Anyone who rides with music has experienced a similar situation: You’re “just riding along,” minding your own business and jamming out when, without warning, a branch reaches out, grabs your earphone cord and turns it into a garrotte. Be it an unsecured cord or ill-fitting seals, riding with earphones can be more trouble than it’s worth. Some designs work better than others, but most share a fatal flaw: the cord.
Thanks to Bluetooth, gone are the days of those nasty, tangle-happy cords. The first Bluetooth headphones I tried–almost a decade ago–were chunky, uncomfortable things that were a promising innovation, but ultimately fell short of a usable music product. The technology has come a long way since then.
Last year, Utah-based Jaybird, which is owned by the Swiss electronics giant Logitech, revamped its popular BlueBuds X earphones. The promising new X2s bear a price tag of $150, for which one would hope they’d include a trail-side DJ. Sadly, they don’t, but they do sport an 8-hour battery life, a vast selection of fit options, a proprietary Bluetooth SBC codec to improve audio quality and reliability, as well as a life-time warranty against damage from sweat.
The X2s include three sizes of both silicone and memory-foam eartips, plus three sizes of wingtips that lock the earphones in place. You can choose whether to route the earphone cord above or below your ear. All those options make it a process to find the right fit, but it pays off to spend the time and get it right. I’ve found that the memory-foam tips give me a tighter seal, keeping the earphones in place like a burr stuck to a favorite riding sock.

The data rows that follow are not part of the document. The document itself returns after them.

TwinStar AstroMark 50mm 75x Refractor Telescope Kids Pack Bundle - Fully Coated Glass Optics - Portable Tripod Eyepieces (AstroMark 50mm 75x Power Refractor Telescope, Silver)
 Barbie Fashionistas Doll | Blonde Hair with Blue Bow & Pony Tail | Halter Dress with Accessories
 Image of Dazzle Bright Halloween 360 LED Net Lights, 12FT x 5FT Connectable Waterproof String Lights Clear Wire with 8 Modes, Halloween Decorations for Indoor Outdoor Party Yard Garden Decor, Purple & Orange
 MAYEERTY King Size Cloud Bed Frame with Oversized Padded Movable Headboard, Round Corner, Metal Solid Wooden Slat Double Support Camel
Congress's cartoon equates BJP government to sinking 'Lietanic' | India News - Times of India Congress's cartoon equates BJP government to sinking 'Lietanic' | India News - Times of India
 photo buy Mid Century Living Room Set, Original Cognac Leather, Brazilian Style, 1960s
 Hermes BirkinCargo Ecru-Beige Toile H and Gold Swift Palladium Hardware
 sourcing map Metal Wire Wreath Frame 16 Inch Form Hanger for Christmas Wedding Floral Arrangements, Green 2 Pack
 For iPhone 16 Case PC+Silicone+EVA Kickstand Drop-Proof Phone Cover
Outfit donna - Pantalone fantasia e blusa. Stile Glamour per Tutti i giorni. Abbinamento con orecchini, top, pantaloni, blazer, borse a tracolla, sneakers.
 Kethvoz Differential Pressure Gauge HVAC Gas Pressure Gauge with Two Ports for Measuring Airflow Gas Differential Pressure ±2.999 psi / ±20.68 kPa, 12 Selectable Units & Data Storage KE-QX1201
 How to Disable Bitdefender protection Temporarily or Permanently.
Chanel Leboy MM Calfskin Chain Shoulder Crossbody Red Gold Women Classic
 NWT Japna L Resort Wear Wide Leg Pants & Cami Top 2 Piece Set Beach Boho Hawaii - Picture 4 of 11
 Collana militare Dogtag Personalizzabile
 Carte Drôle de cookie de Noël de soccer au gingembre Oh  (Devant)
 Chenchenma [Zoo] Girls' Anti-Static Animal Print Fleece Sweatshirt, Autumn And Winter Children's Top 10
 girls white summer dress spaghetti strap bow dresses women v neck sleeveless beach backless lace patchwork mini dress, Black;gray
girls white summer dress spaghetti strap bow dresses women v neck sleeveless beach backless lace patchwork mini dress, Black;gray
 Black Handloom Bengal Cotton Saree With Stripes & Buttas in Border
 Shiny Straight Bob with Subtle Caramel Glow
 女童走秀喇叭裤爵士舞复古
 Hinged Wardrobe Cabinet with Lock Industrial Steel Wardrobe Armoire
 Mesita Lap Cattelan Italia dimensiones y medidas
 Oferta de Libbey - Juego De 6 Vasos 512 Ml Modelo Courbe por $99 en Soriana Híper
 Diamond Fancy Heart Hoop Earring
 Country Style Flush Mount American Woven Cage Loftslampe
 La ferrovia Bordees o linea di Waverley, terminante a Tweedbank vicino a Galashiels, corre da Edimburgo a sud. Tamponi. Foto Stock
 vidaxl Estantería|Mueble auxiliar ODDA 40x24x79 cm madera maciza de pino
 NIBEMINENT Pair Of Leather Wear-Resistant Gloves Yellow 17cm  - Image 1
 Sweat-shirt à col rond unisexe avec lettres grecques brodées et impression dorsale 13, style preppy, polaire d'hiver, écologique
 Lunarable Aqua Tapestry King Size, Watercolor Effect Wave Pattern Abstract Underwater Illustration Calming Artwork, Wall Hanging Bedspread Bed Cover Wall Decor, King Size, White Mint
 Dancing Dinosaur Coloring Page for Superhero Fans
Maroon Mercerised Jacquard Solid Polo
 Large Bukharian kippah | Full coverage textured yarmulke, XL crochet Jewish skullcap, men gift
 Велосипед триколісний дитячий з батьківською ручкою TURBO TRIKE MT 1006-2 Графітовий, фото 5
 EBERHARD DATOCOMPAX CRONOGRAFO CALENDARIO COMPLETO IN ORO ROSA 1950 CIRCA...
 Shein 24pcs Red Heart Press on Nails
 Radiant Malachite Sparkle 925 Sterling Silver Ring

Jaybird claims an 8-hour play time, and the X2s easily meet that benchmark. Even in cold weather–when battery life in most electronics plummets–the X2s soldier on, and can go several rides without a charge. When they do finally run out of juice, charging usually only takes an hour or two, depending on what power source (wall outlet or USB port) you’re using.
As far as sound quality goes, the X2s hold their own against wired earphones at this price point. The audio remains crisp and clear with the volume maxed. A lot of earphones will overdo the low tones, drowning out the mids with deep, but gravelly sounds. The X2s don’t fall victim to the bass trap; once you get a good seal they have a nice punch and rumble, but don’t overstate the bass. Regardless of what you listen to, you won’t be disappointed when you crank up the volume.
Now for the kicker: Do the X2s hold up to the punishment that mountain biking dishes out to electronics? I’ve taken mine through torrential downpours, sub-freezing snowstorms and blistering hot, dusty desert trails. They’ve been dropped on concrete, whipped by branches and shoved deep into the black hole that is my riding pack. But they have emerged, still whole, ready and willing to crank out more tunes for the next ride. All of the buttons on the inline remote still work, and the plastic casings of the earphones remain crack free.
I ran into some trouble with the X2s about a month into testing, when they developed serious pairing issues with Apple devices. After a chat with Jaybird customer service, a new pair of X2s was sent out to replace the original defective one. The warranty process was a breeze, and the new earphones arrived quickly. I’ve used them for a solid three months, pairing them with devices from many different brands. They haven’t skipped a beat.